Is Genesis 9:5–6 a license for capital punishment? Formally, yes. There is a fairly clear injunction in play here. Verse 5: “for your lifeblood I will require a reckoning.” Verse 6: “whoever sheds the blood of man, by man shall his blood be shed.” But notice the mathematical equivalency and clarity of this reckoning. The text assumes a perfect balance between one life for another, and it assumes clarity on the matter. It’s establishing the basic principles of proportionality and reciprocity The punishment must be in proportion to the crime (approximately the same size), and it should be a clear exchange for the crime. In a phrase: proportional retribution. You get the same thing in the Pentateuch when it speaks of “eye for an eye, tooth for a tooth, hand for hand, foot for foot” (Ex. 21:24; Lev. 24:20; Deut. 19:21). So this formal principle of proportional retribution should guide our criminal justice systems. That said, this formal principle should also force us to work to make sure that our criminal justice systems are in fact capable of providing clear and proportional punishments. If a system cannot do this because of imbalances and injustices in the system, then the system cannot provide justice. It cannot keep the principle articulated in these verses.

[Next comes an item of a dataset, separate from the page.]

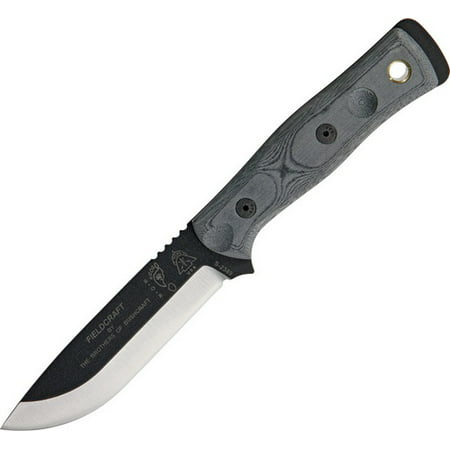 Tops BROSBLM Black Gray Micarta Bob Hunter Fixed Blade Survival Knife +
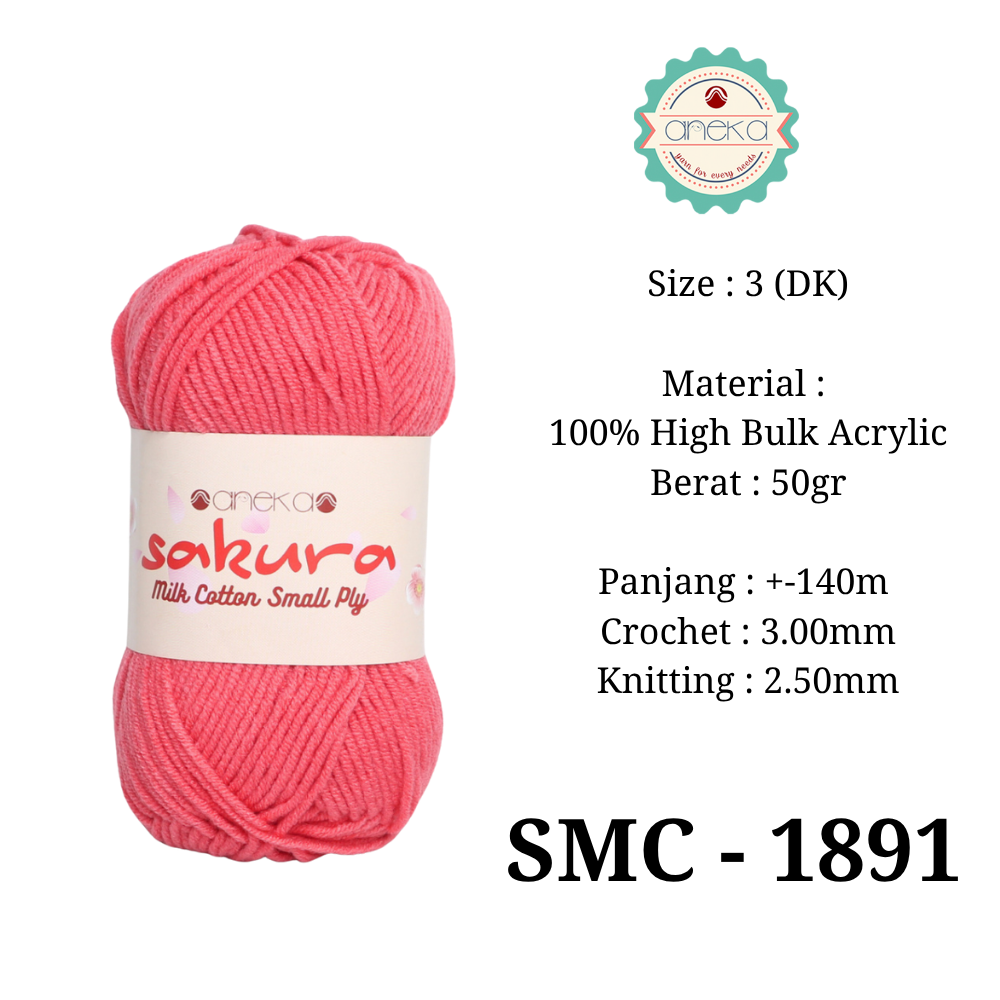 KATALOG - Benang Rajut Katun Susu 4 ply / Sakura SMALL PLY Milk Cotton Yarn - 2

For instance, women in prison are raped and sexually assaulted at a far higher rate (by male prison guards) than men are. The number of women with HIV in prison rose by 69 percent in the nineties, while it decreased by 22 percent for men. In other words, a five year prison sentence effectively means something different for a woman than a man. Or, incarceration rates disproportionately impact men of color: 1 in every 15 African American men and 1 in every 36 Hispanic men are incarcerated in comparison to 1 in every 106 white men. Blacks and Hispanics were approximately three times more likely to be searched during a traffic stop than white motorists. African Americans were twice as likely to be arrested and almost four times as likely to experience the use of force during encounters with the police.

I was having lunch with an African-American brother in our conversation a couple weeks ago. He was pulled over on the way to our lunch. He knew to roll down his windows and place his hands on the steering wheel. Told the officer what he was going to do: “I’m going to reach into my glove compartment now and retrieve my registration.”

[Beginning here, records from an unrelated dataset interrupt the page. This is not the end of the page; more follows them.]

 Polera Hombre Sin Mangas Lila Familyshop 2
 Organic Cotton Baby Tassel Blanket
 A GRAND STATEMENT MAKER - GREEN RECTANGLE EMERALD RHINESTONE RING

With these kinds of imbalances, it raises the question of whether the criminal justice is even capable of the kind of proportional retribution required by Genesis 9:5–6. I can understand why people might be reluctant to push toward capital punishment with these kinds of imbalances. What is clear, there is at the very least a mandate to study these matters and consider whether what injustices might be endemic to the system so that they can be addressed. You don’t do away with the biblical principle. But you recognize that the biblical principle requires you to work for a system where the biblical can be applied. Make sense?

With regard to capital punishment in particular, it’s worth observing what the Mosaic Covenant requires before putting something to death. It requires two or three witnesses, and in some cases it requires the accuser to be the one who first raises his hand in implementing the penalty. I dare say, in other words, that the burden of proof was far higher here than it is today. If capital punishment required two or three witnesses, you would have a different sort of system. A seminary professor from my seminary recently told me he’s moved to a “beyond any doubt” standard of guild from a “beyond reasonable doubt.” That makes sense to me.

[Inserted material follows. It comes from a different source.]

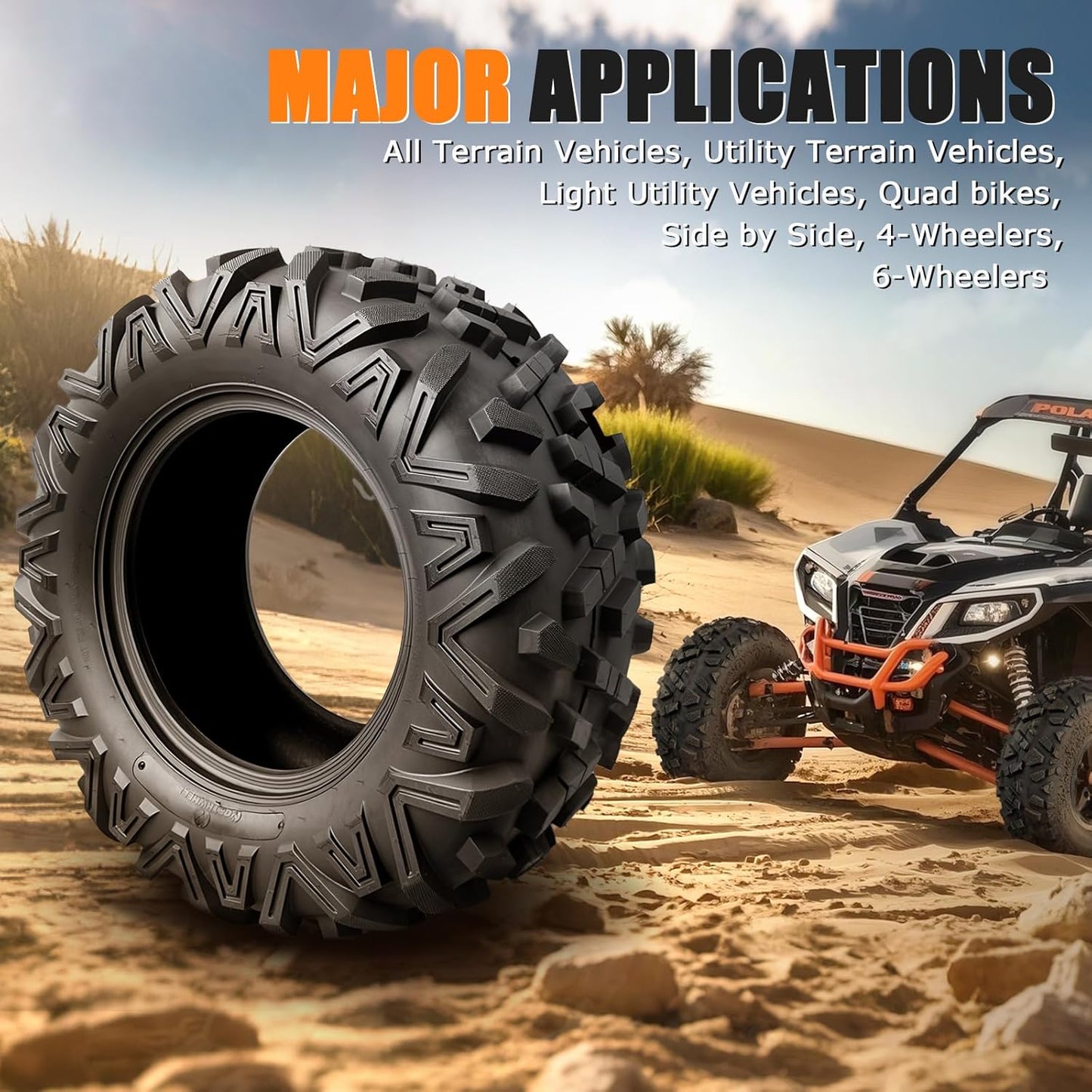 TRIPOWER ATV UTV Tires 25x8-12 & 25x10-12 All Terrain Trail Sand Mud Off-Road Tires, 6 Ply Tubeless Full Set of 4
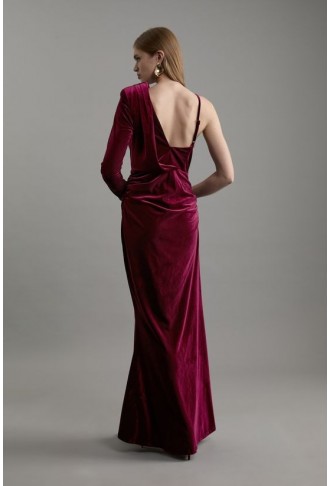 Velvet Asymmetric One Shoulder Tailored Maxi Dress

Of course Genesis 9:5–6 is not simply providing a response to murder. It’s establishing the principles of proportional retribution for any kind of crime. The phrase eye for an eye, tooth for a tooth, hand for hand, foot for foot demonstrates the point. I don’t think we necessarily apply texts like these literally. That would mean kidnapping for kidnapping, embezzlement for embezzlement, sexual assault for sexual assault. That doesn’t make sense. Again, I think it points us to the principles of reciprocity and proportionality, or proportional retribution.

And this principle applies to both our criminal courts, which typically push toward incarceration, and our civil courts, which effectively impose fines.

Ironically, I dare say it’s easier for a civil court to establish a fair and proportional retribution precisely because a fine is quantifiable. It’s more difficult to translate the damage done in a crime into time spent in a prison. If I steal a million dollars from you, or physically assault you, what’s the algebraic formula that translates how long my freedom should be taken away through my incarceration?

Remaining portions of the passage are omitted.